Every entry must reappear in your answer exactly as written, though its pictures must not.

(Crawled caption data)
***

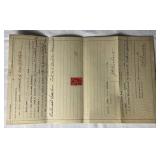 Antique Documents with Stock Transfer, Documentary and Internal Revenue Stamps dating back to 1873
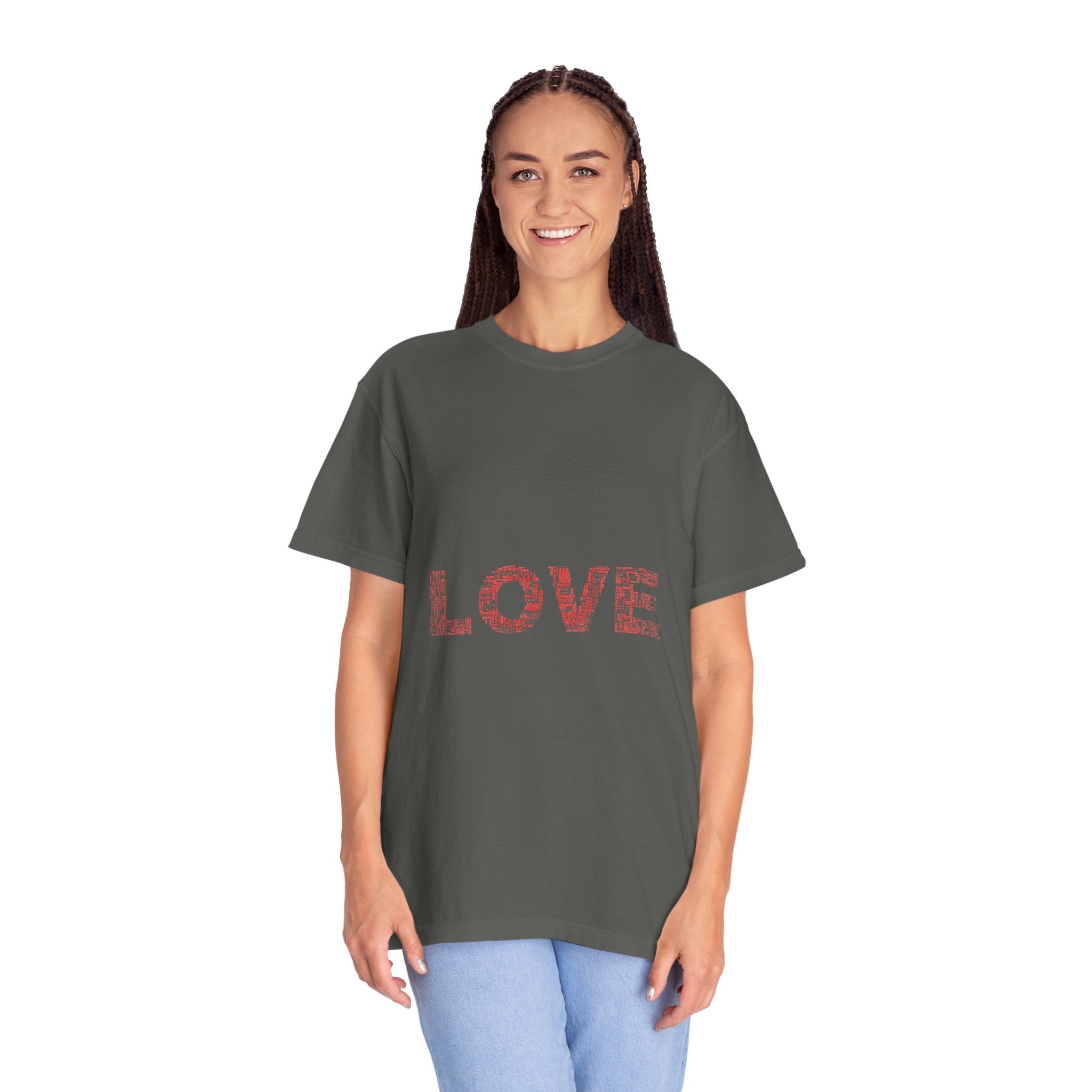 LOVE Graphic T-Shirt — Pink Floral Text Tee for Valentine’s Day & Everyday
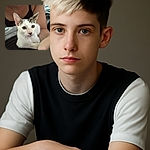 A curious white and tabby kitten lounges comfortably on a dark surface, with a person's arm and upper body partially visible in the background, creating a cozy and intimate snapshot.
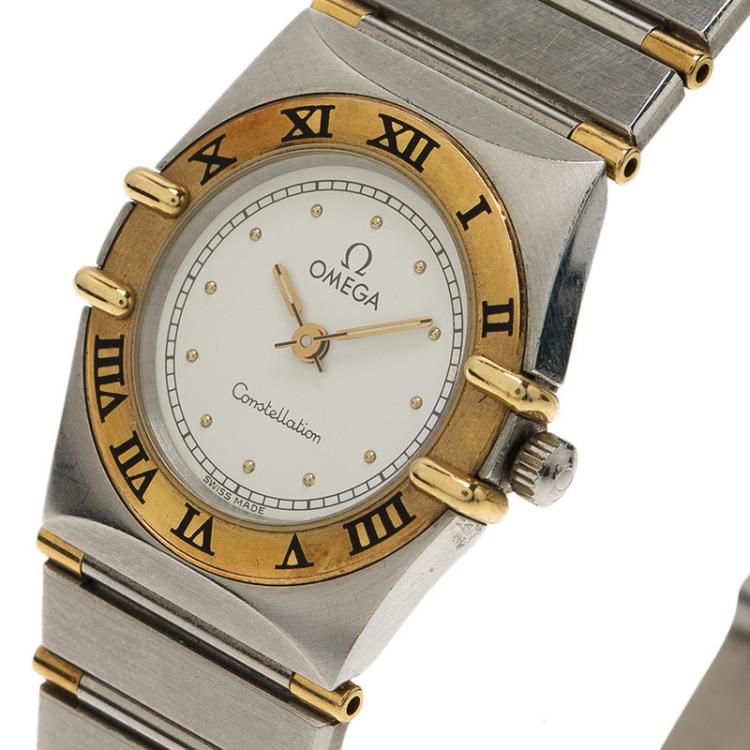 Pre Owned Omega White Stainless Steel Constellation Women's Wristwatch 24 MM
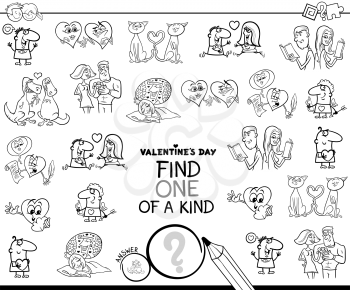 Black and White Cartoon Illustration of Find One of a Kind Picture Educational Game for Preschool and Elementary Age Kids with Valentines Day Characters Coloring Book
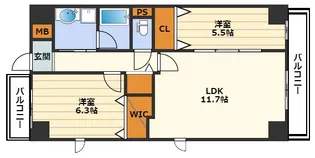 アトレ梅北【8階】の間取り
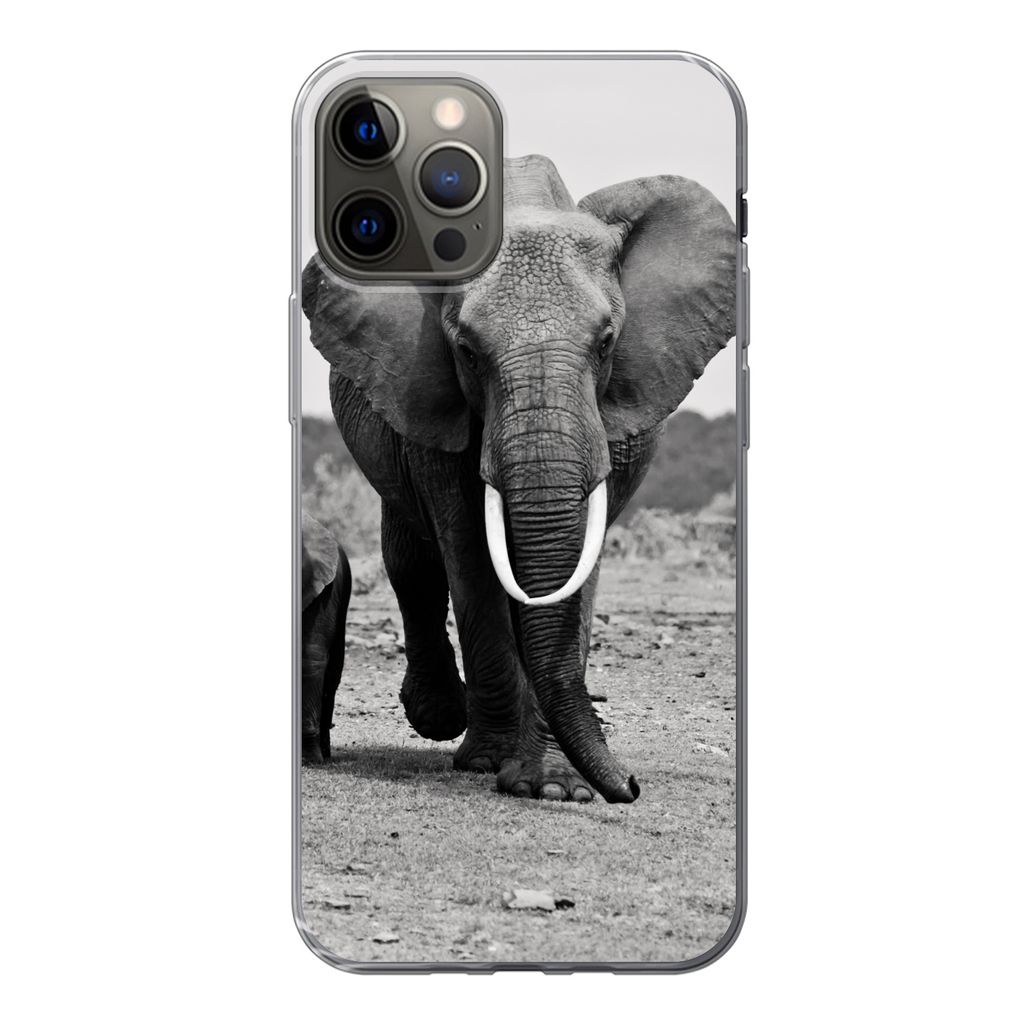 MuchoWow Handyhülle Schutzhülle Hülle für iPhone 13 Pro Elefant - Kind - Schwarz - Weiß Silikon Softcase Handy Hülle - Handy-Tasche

***

# Written solution
 Antique Documents with Stock Transfer, Documentary and Internal Revenue Stamps dating back to 1873
 LOVE Graphic T-Shirt — Pink Floral Text Tee for Valentine’s Day & Everyday
 A curious white and tabby kitten lounges comfortably on a dark surface, with a person's arm and upper body partially visible in the background, creating a cozy and intimate snapshot.
 Pre Owned Omega White Stainless Steel Constellation Women's Wristwatch 24 MM
 Black and White Cartoon Illustration of Find One of a Kind Picture Educational Game for Preschool and Elementary Age Kids with Valentines Day Characters Coloring Book
 アトレ梅北【8階】の間取り
 MuchoWow Handyhülle Schutzhülle Hülle für iPhone 13 Pro Elefant - Kind - Schwarz - Weiß Silikon Softcase Handy Hülle - Handy-Tasche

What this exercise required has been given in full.